The followings are the information of the columns of the output file:
ITD_breakpoint_pair(ITD-BPP)_1 | The positions of ITD breakpoint pairs. Plus(+) and minus(-) indicate the right and left breakpoint. |
---|---|
supported_reads(strand+) supported_reads(strand-) |
The ratio of the supported reads aligned to positive(negative) strand. |
ITD_breakpoint_pair(ITD-BPP)_2 | The positions of ITD breakpoint pairs. Plus(+) and minus(-) indicate the right and left breakpoint. |
supported_reads(strand+) supported_reads(strand-) |
The ratio of the supported reads aligned to positive(negative) strand. |
average_depth | The average sequencing depths |
chr(contig) start_position(contig) end_position(contig) |
The positions of assembled contig sequences. |
assembled_contig_sequence | The contig sequences by assembling support reads and their mate pairs. |
length | The lengths of assembled contig sequences. |
chr(OIN) start_position(OIN) end_position(OIN) |
The position of OIN. |
observed_inserted_nucleotide(OIN) | Unmapped parts of contig sequences. |
length(OIN) length(PDN) |
The lengths of OIN and PDN. |
selected_ITD-BPP | The reliability of ITD-BPP (1 or 2). If the pairs of ITD-BPP are idential, '1,2' is outputed. |
matched_bases / length(PDN) | the number of matched bases between OIN and PDN / length of PDN. |
length(OIN) / length(PDN) | length of OIN / length of PDN. |
matched_bases / length(OIN) | the number of matched bases between OIN and PDN / length of OIN. |
exon intron 5putr 3putr noncoding_exon noncoding_intron |
RefSeq Gene Name and Gene ID annotation. |
ens_gene | Ensamble Gene ID annotation. |
known_gene | Known Gene ID annotation. |
tandem_repeat | Simple Repeat annotation. |
inhouse inhouse_left_breakpoint inhouse_right_breakpoint |
The results of matching ITD to inhouse database. |
grade | grade (one of A, B and C) |
Copyright (c) 2013, Kenichi Chiba, Yuichi Shiraishi
Redistribution and use in source and binary forms, with or without modification, are permitted provided that the following conditions are met:
- Redistributions of source code must retain the above copyright notice, this list of conditions and the following disclaimer.

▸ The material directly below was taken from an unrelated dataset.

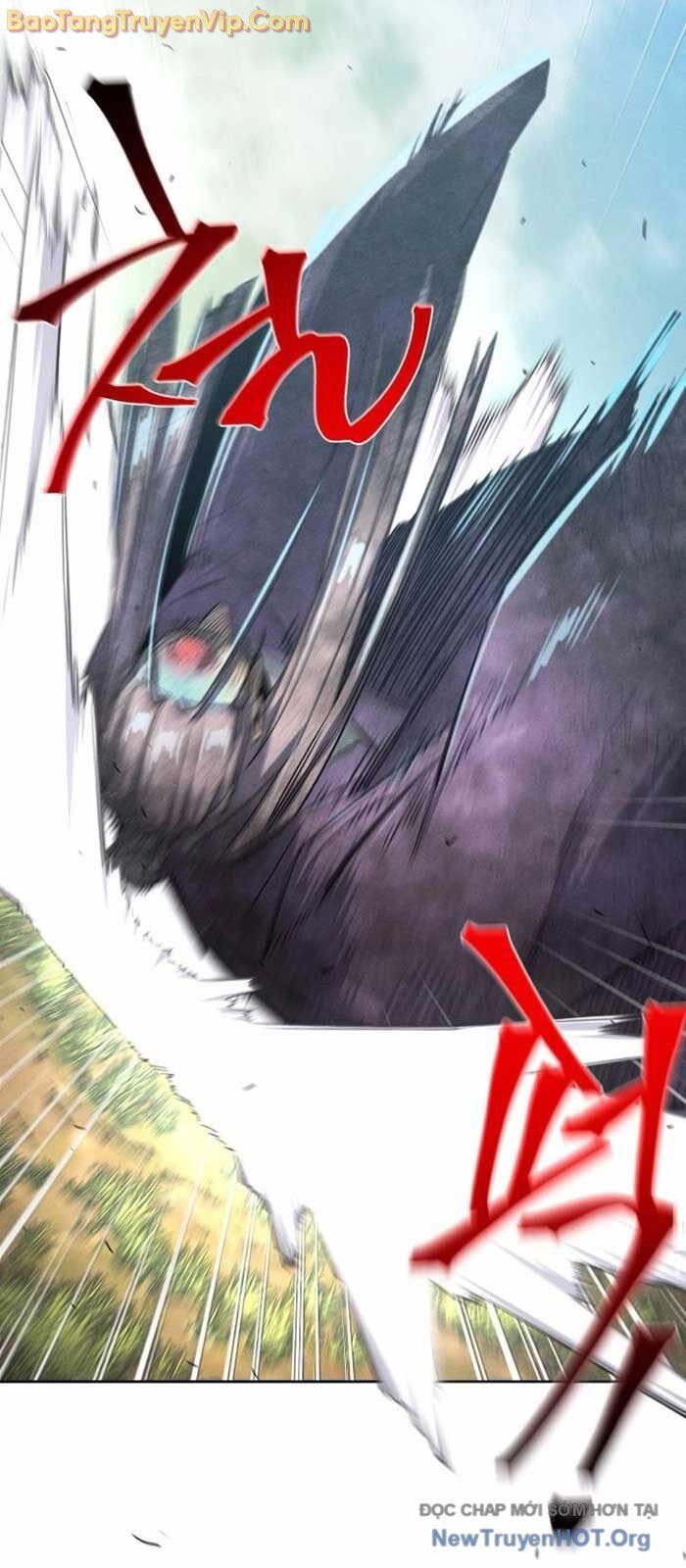 Cuồng Ma Tái Thế Chap 1591 - Next Chap 1592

- Redistributions in binary form must reproduce the above copyright notice, this list of conditions and the following disclaimer in the documentation and/or other materials provided with the distribution.
- We ask you to cite one of the following papers using this software. ** ""
"THIS SOFTWARE IS PROVIDED BY THE COPYRIGHT HOLDERS AND CONTRIBUTORS "AS IS" AND ANY EXPRESS OR IMPLIED WARRANTIES, INCLUDING, BUT NOT LIMITED TO, THE IMPLIED WARRANTIES OF MERCHANTABILITY AND FITNESS FOR A PARTICULAR PURPOSE ARE DISCLAIMED. IN NO EVENT SHALL THE COPYRIGHT HOLDER OR CONTRIBUTORS BE LIABLE FOR ANY DIRECT, INDIRECT, INCIDENTAL, SPECIAL, EXEMPLARY, OR CONSEQUENTIAL DAMAGES (INCLUDING, BUT NOT LIMITED TO, PROCUREMENT OF SUBSTITUTE GOODS OR SERVICES; LOSS OF USE, DATA, OR PROFITS; OR BUSINESS INTERRUPTION) HOWEVER CAUSED AND ON ANY THEORY OF LIABILITY, WHETHER IN CONTRACT, STRICT LIABILITY, OR TORT (INCLUDING NEGLIGENCE OR OTHERWISE) ARISING IN ANY WAY OUT OF THE USE OF THIS SOFTWARE, EVEN IF ADVISED OF THE POSSIBILITY OF SUCH DAMAGE.